Although diphone-based synthesizers are only one of a number of techniques documented in FestVox, we believe they are, at present, the most reliable and resource-effective method for building new voices for general text-to-speech synthesizers. A diphone here is two connected half-phones, where a "phone" here may in fact be any segment including a traditional phoneme, allophone or consonant cluster. We carefully construct examples of each phone-phone transition in our phoneset, so as to capture all the implied sequential articulatory transitions, even though some may not be phonotactically valid (like [ZH-NG]).

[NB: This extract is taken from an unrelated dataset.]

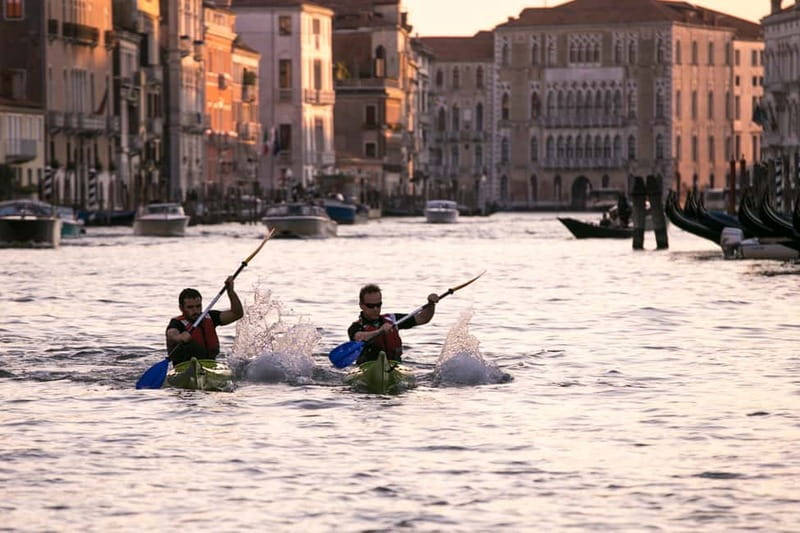 Venice: Guided Canal Kayak Tour at Day, Night, or Sunset - Day vs Sunset vs Night: Choosing the Venice Feeling You Want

To fully exercise our techniques, we are collecting ten sets of diphones, at 32KHz, with simultaneous electroglottograph (EGG) signal, from a single speaker of American English (KAL) with varying speaking rate. These databases are being released publicly with an open license, so that anyone who wishes can replicate our findings, study the voice, teach about synthesis, or build their own by comparison. We, and others, have also used these techniques on other voices and other languages. Four sets have been recorded so far, and the bulk of this paper relates to our experience with that set and the tools that have been created to help - including a recording session management tool called pointyclicky.